Defiendo sin ambigüedades el Estado de Derecho: fronteras reguladas, procedimientos claros y políticas migratorias coherentes. Pero otra cosa es utilizar la política como arma para generar miedo. Hoy el “chivo expiatorio” son los migrantes; mañana pueden ser las personas sin casa, las barras, las diversidades sexuales, los ambientalistas o los pueblos originarios. Cuando un liderazgo cruza ese límite, la dignidad humana deja de ser un principio y se vuelve prescindible. En esos momentos, la desobediencia civil pacífica y no violenta se transforma en un deber moral. No es romanticismo: la evidencia lo confirma. Un estudio sobre más de 300 movimientos sociales del siglo XX mostró que las movilizaciones pacíficas tuvieron el doble de éxito que las violentas. La dignidad no solo es justa: es eficaz.
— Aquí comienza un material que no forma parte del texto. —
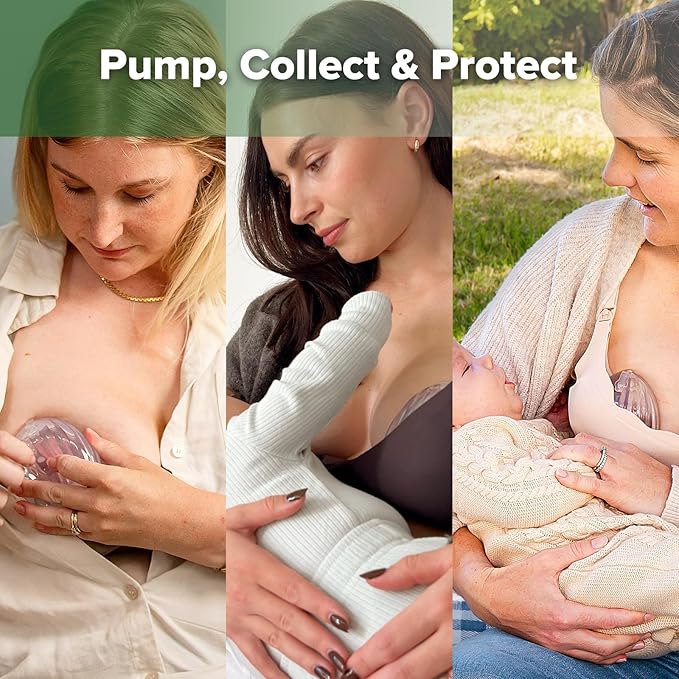 haakaa Wearable Silicone Breast Pump with Steriliser Bag, 2-in-1 Hands-Free Passive Breast Milk Catcher for Nursing Mom, Breastfeeding Essentials, 75ml Shell Pump & 750ml Steriliser Bag - Grey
Chile ya vivió esta tensión. Las manifestaciones pacíficas de 2019, legítimas y multitudinarias, fueron eclipsadas por la violencia, y el resultado fue que los extremos se farrearon dos procesos constitucionales que la ciudadanía rechazó abrumadoramente. Hoy, la crueldad amenaza con ocupar ese mismo espacio, esta vez desde el discurso institucional.
La crueldad motiva y moviliza. La dignidad no genera aplausos inmediatos, pero sienta las bases de la convivencia. Es inmoral utilizar la crueldad como herramienta política, y por ello el próximo gobierno enfrentará un desafío mayor que cualquier reforma: reconstruir la noción de comunidad. Ningún país tiene destino si busca sostenerse sobre el miedo de grupos vulnerables y la sed de venganza de las mayorías. La dignidad humana debe ser el piso común, no el privilegio de algunos.